Few would argue against the notion that ‘Brand Value’ exists. Indeed it is widely acknowledged that not all brands are equal, yet there is no general agreement as to how one might quantify this value. Far from keeping them awake at night though, the issue is one that most seem happy to leave unresolved.

Perhaps it’s time that the Board gets involved.

We look at the issued from the perspectives of both the marketing and accounting disciplines.

The marketer is the custodian of the brand and therefore responsible for ensuring that it retains or, better still, increases its value. The chief financial officer in turn should be responsible for quantifying that value. Two different skill sets; two different responsibilities. The Board’s responsibility then is to motivate this issue and ensure that the Brand Value is quantified.

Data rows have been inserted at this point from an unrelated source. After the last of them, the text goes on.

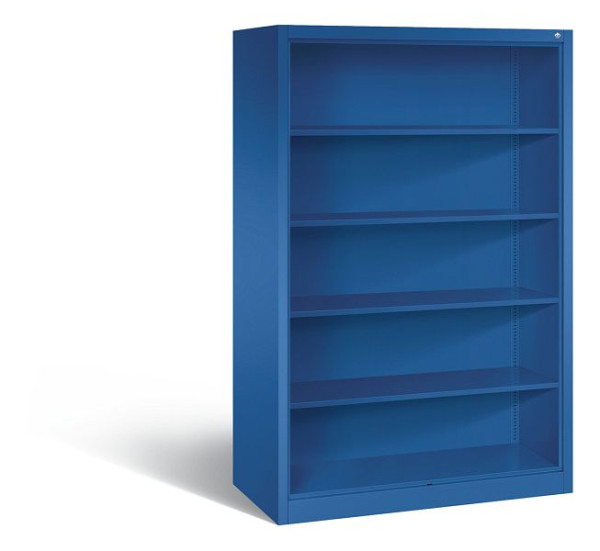 C+P Stahlregal mit Rückwand Acurado, H1950xB1200xT600mm, Farbe: Enzianblau, 5 OH, 9390-000 S10023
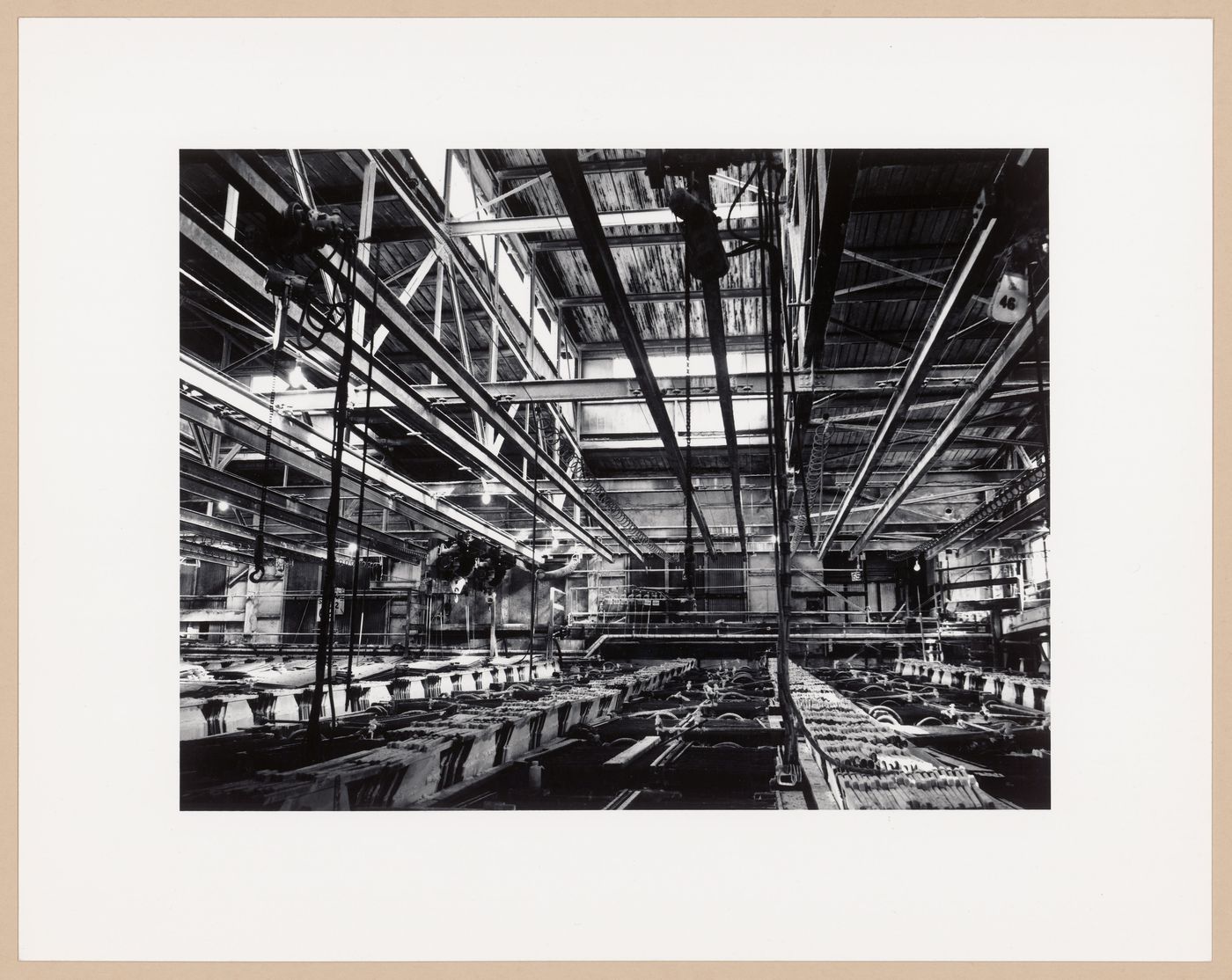 Under demolition, zinc tank room, Trail, British Columbia, from the series The Forms of Canadian Industrial Architecture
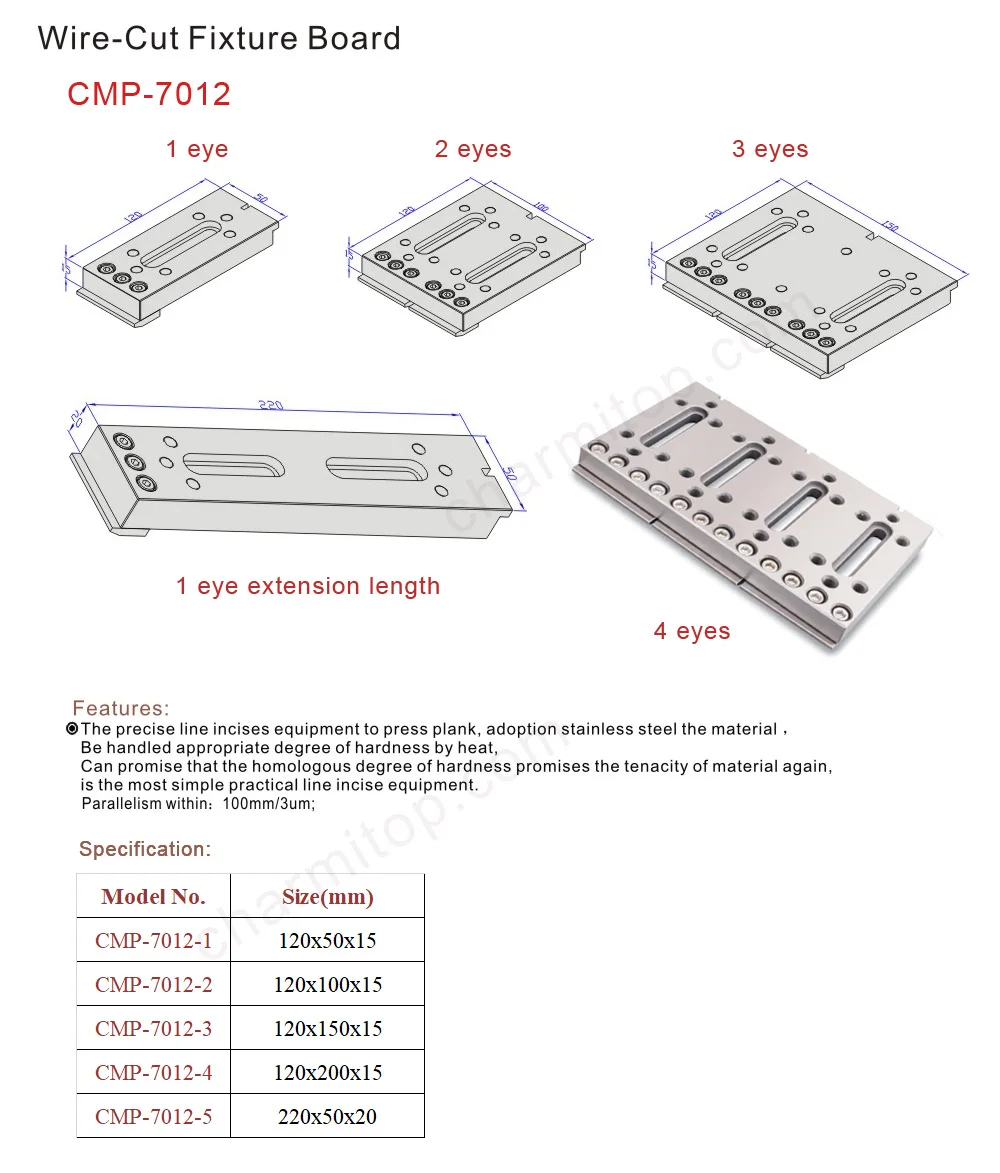 Джиг инструменты CMP-7012-2 120x100x15+ 5 мм SUS420 провода EDM зажим с расширением джиг держатель для EDM провода резки станков
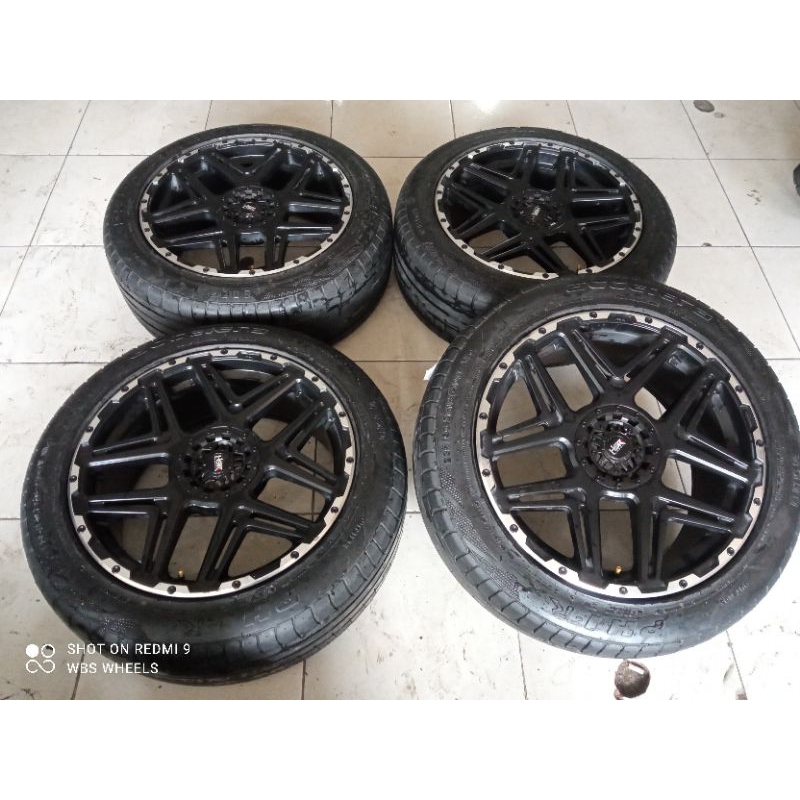 Velg Mobil Second Murah Ring 18 lubang 5x100/114 pls ban 225/50/18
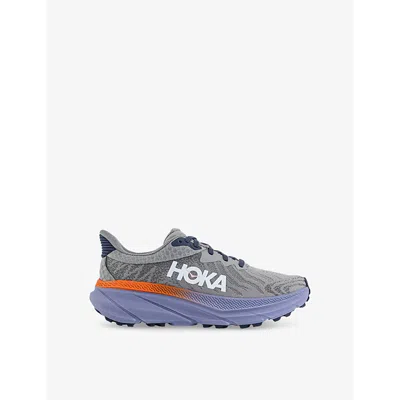 Hoka Womens Galactic Grey Challenger Atr 7 Mesh Trainers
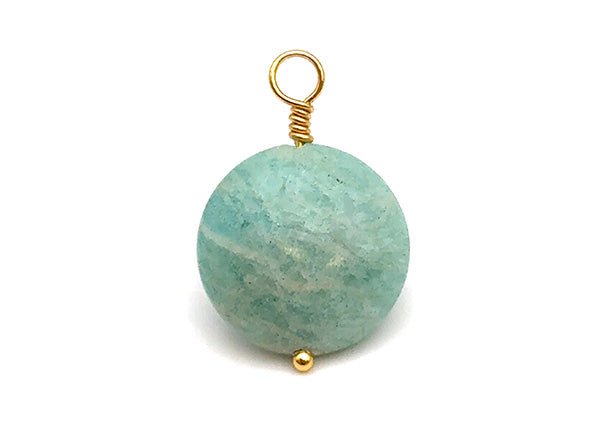 Vintage | Amazonite Coin Pendant | LINK, design your own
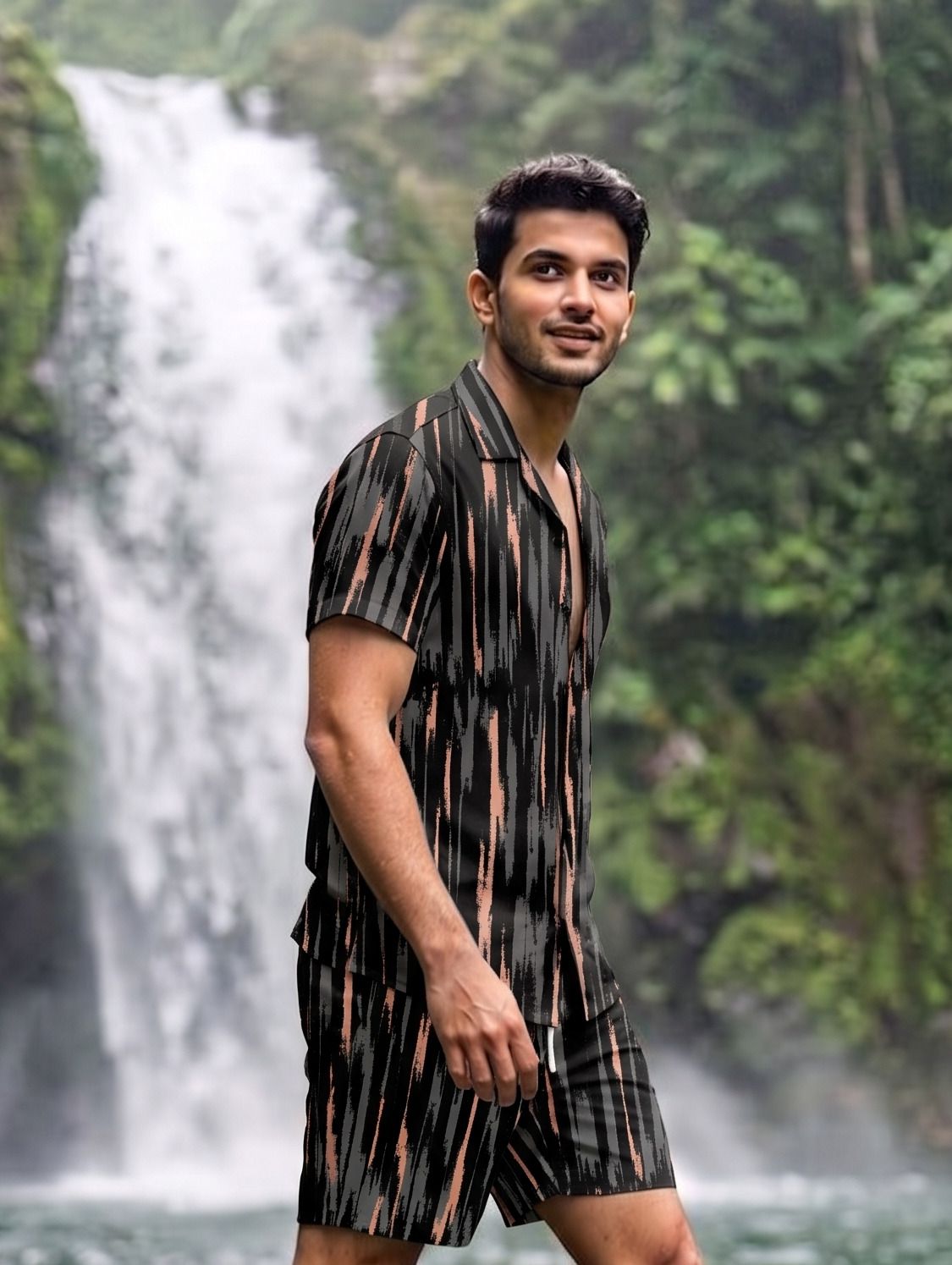 hasini fashion Men Night Suit Set Multicolor Printed-picture-14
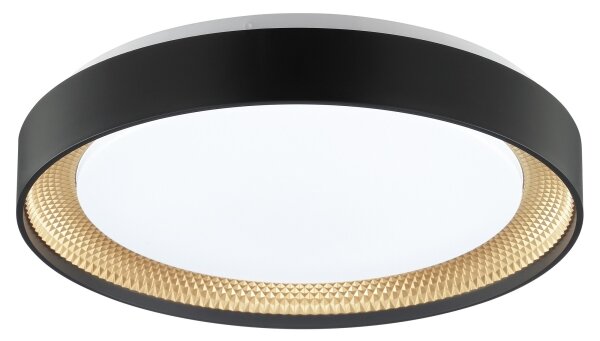 Brilliant - Plafonieră LED dimabilă WALDO LED/24W/230V negru/auriu + telecomandă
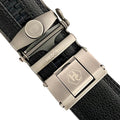 Metal Automatic belt buckle 1.38" , hardware close-up, for ratchet leather belts by Hedonist Chicago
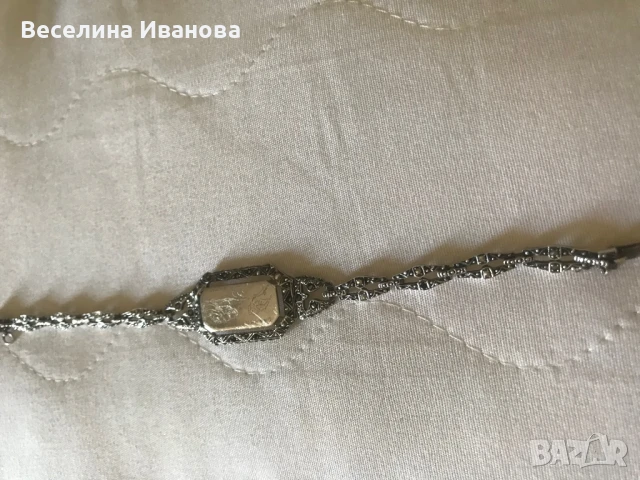 Сребърна поръчкова гривна ръчна изработка, снимка 7 - Гривни - 51307306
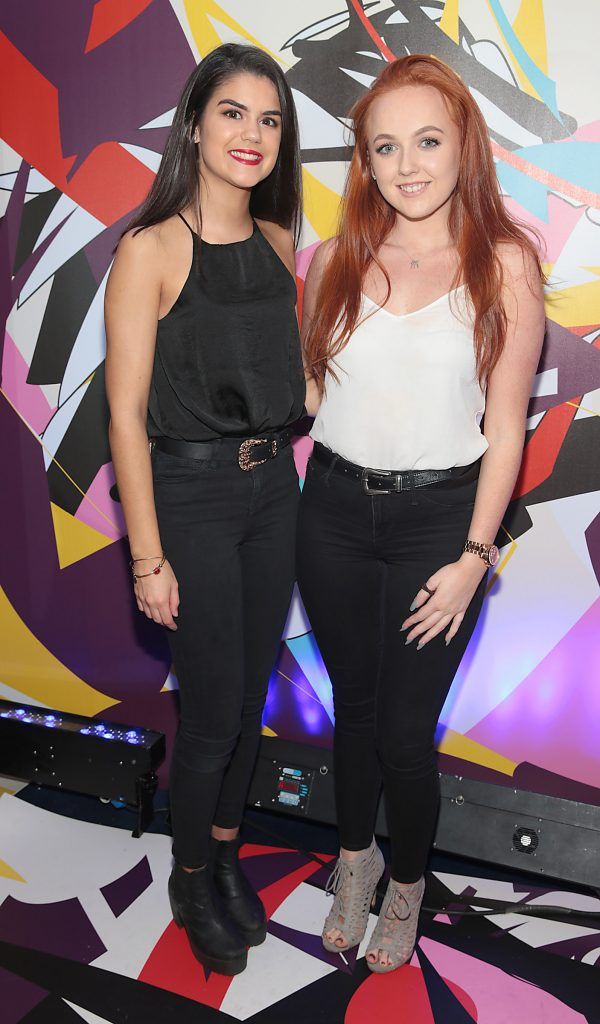 Ella Rouiller and Katie Lynch pictured at the launch of Outcider, Ireland's newest cider with designs by street artist, James Earley (Picture by Brian McEvoy).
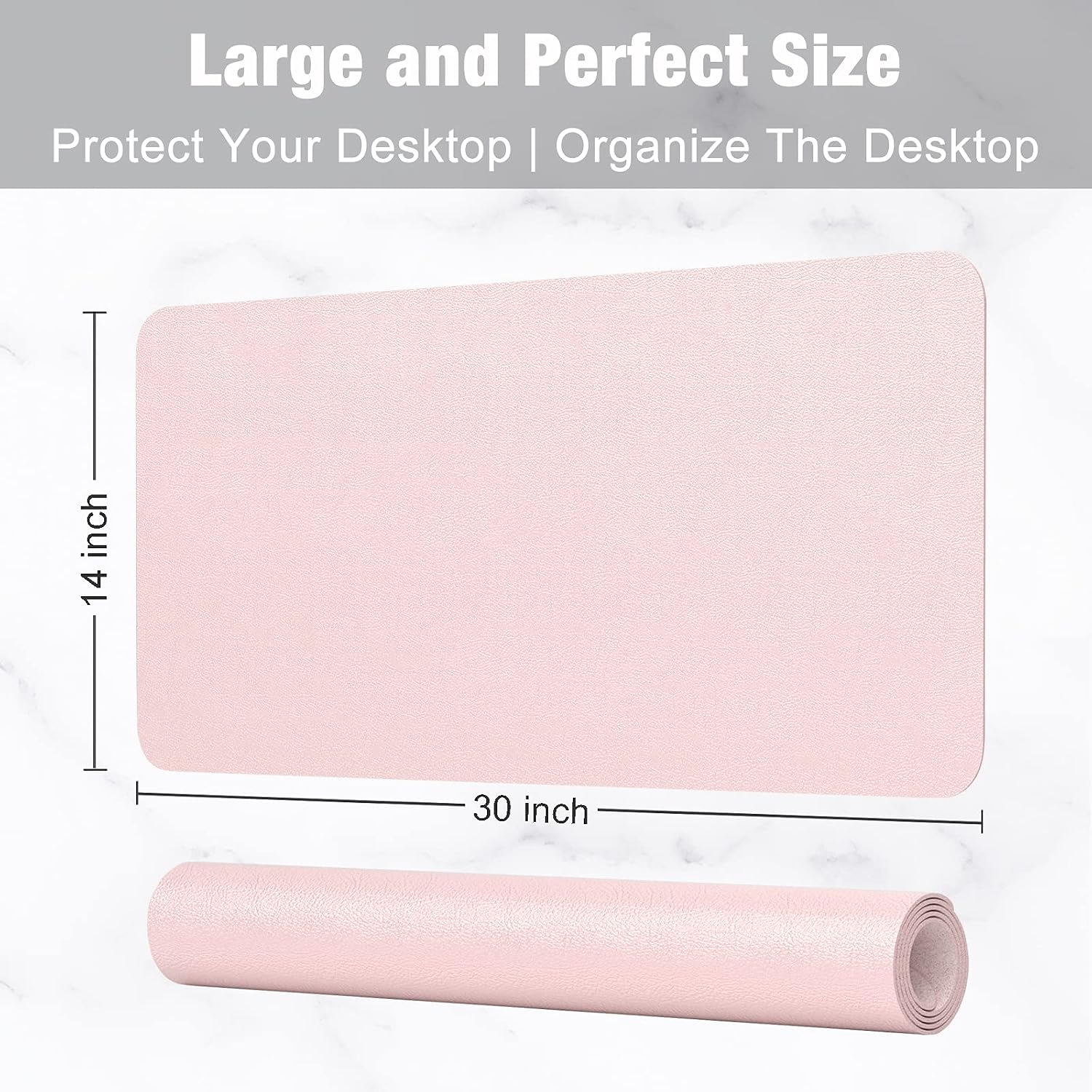 30x14 Inch PU Leather Desk Pad - Leather Desk Pad 评论和价格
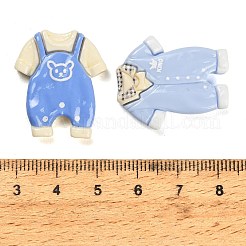 オペーク樹脂カボション  ベビーロンパース  ミックスカラー  27x23~25x5~7mm&nbsp;RE-CBA93EE-08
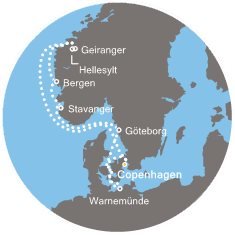 Německo, Dánsko, Norsko, Švédsko z Kodaně na lodi Costa Favolosa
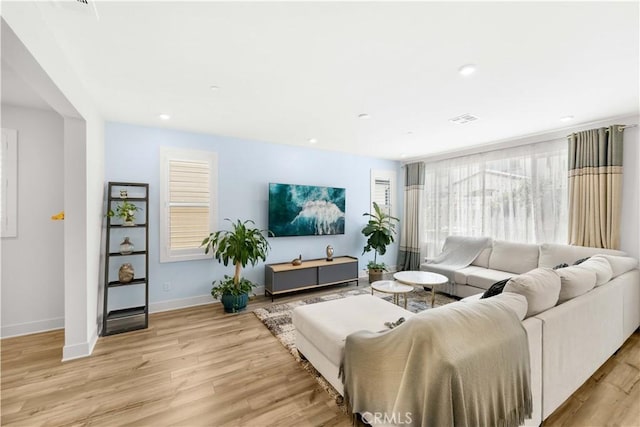 16526 Trailblazer Ave, Chino, CA 91708 - living room with light wood-style floors and recessed lighting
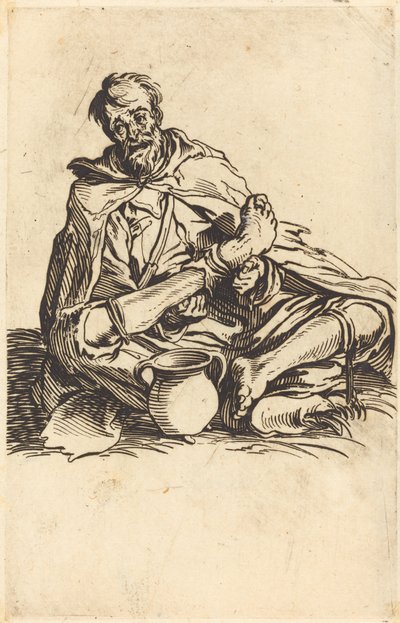 The Sick Man, c. 1622 by Jacques Callot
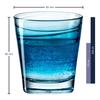 [Official] LEONARDO Tumbler 250ml Vario Struttura Blue 6-Piece Set 026838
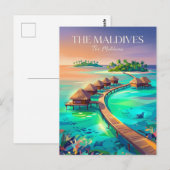 The Maldives The Maldives ポストカード (正面/裏面)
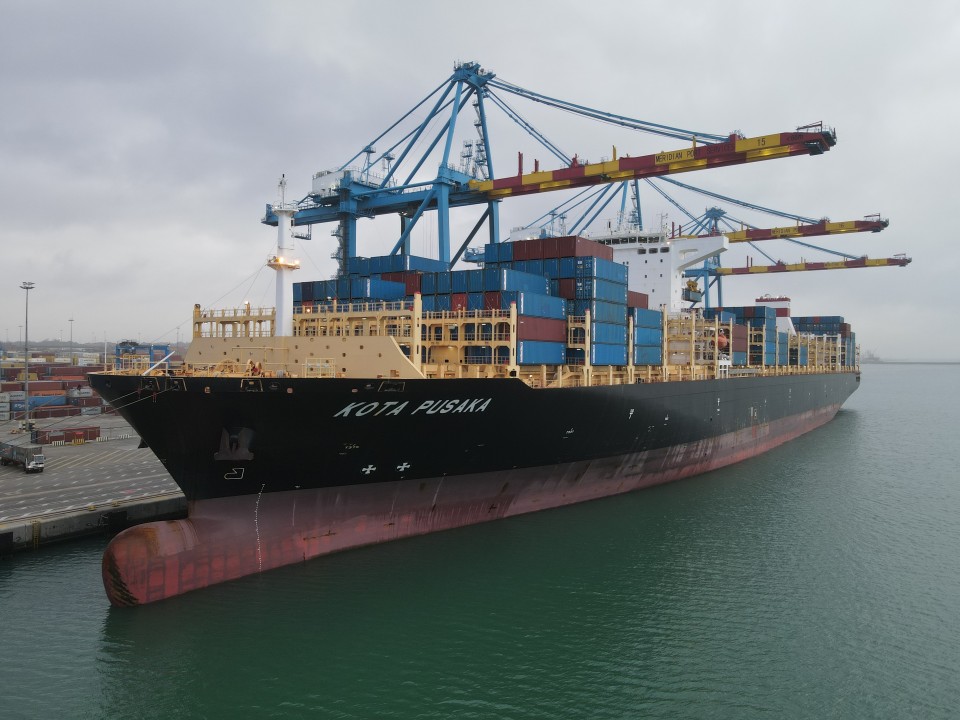 One of PIL’s largest vessels calls Ghana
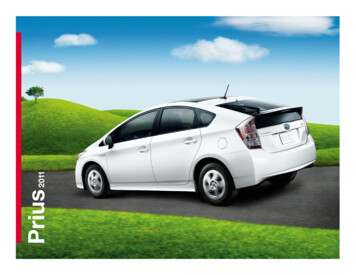 2011 Prius - Auto-Brochures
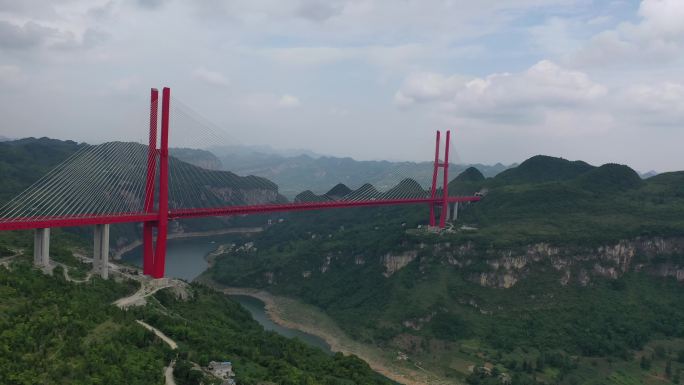 【4K正版素材】航拍贵州鸭池河大桥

We maintain that successful brands are satisfiers of the needs/wants of consumers, while a brand’s life span is dependent on its ability to continue to satisfy in the quantity that makes it viable to continue its production.

The value of a brand lies in its ability to satisfy in the future in a competitive market. This has little to do with its past, its history.

If you need proof of this, look at the examples of such well known but defunct brands as Trust Bank, UBS, Lion Lager and Saambou. To have placed a value on these brands based on their history would certainly have produced numbers, but what kind of numbers?

That said, older brands do have a certain momentum which propels them into the future and this factor must be taken into account when measuring brand value.

So, at any given time, seven key factors have an impact on the value of a Rand. They are:

  1. The supplier’s ability to continue to supply the brand at a competitive price;
  2. The supplier’s attitude/desire to support the brand, i.e. its allocation of real resources to this task;
  3. The continuing existence of consumers for the brand in question;
  4. Consumers’ perceptions of the brand’s ability to satisfy their needs/wants relative to their alternative options in a changing environment;
  5. The influence of the economy on disposable income;
  6. The momentum of the brand; and
  7. Competition.

When valuing a brand, all of these factors must be investigated. Current realities must be quantified, whether they are physical resources or human perceptions, and the future realities projected. The measurement done, the result can be quantified.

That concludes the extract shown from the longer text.